_Exercise goal_
Please print, exactly, only the lines in the entries below from the line that has "Croix-reliquaire, église paroissiale" through the line that has "6 bedroom detached". Pictures don't go in.

_Given data_
-------------------------

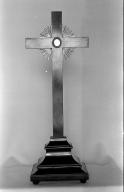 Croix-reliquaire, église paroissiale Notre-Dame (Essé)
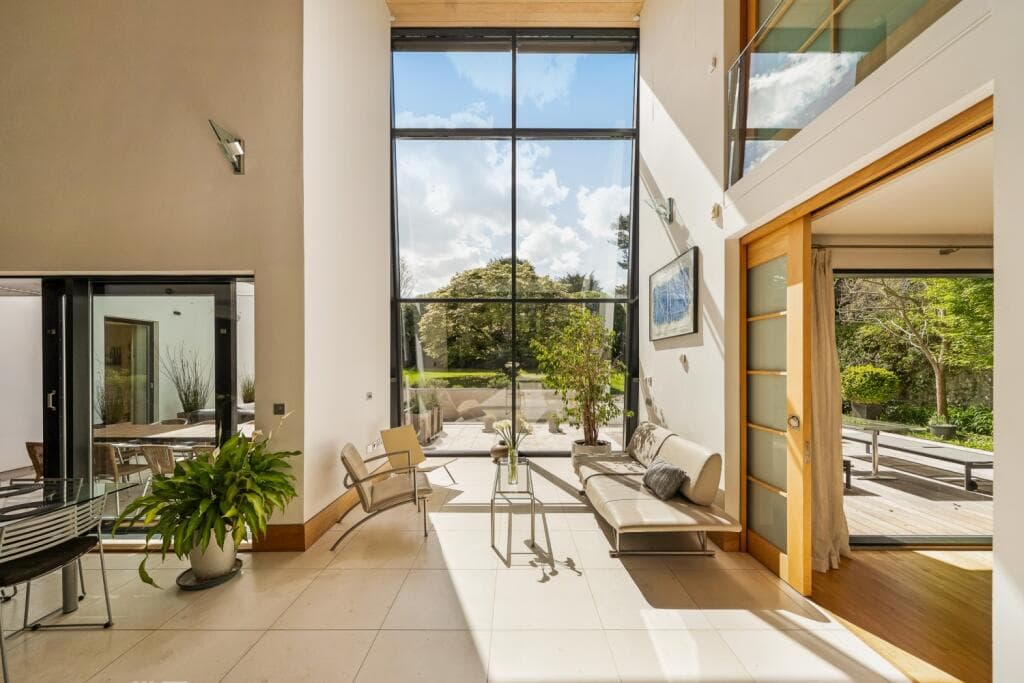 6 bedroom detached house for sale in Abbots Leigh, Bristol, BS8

-------------------------

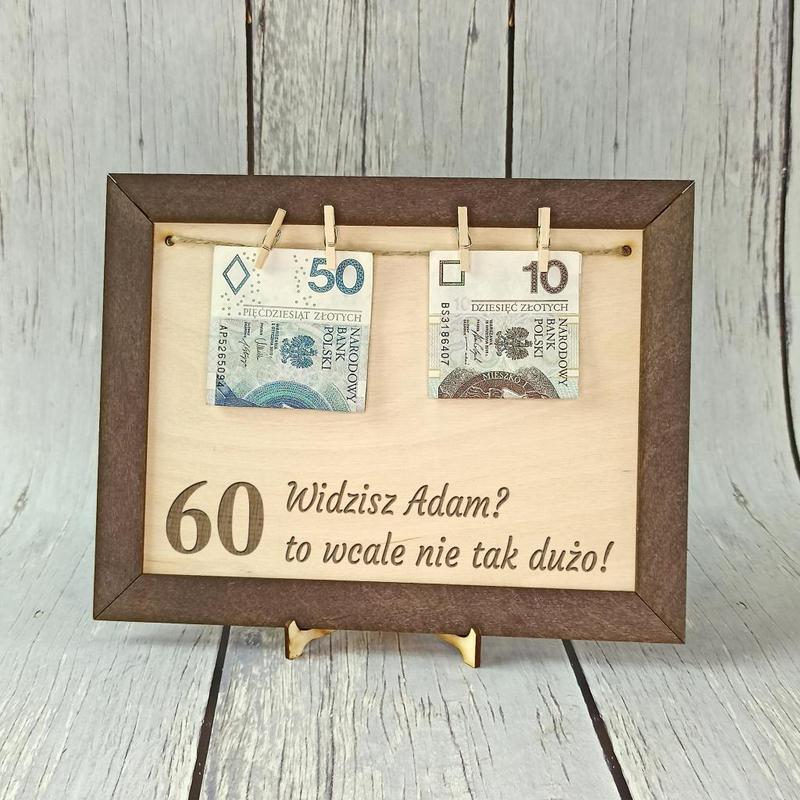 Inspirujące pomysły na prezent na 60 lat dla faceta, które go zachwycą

-------------------------

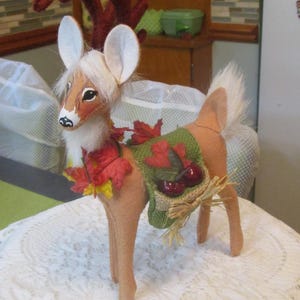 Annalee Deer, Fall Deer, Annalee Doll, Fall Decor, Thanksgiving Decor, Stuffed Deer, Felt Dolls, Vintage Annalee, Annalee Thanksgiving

-------------------------

_Exercise response_
 Croix-reliquaire, église paroissiale Notre-Dame (Essé)
 6 bedroom detached house for sale in Abbots Leigh, Bristol, BS8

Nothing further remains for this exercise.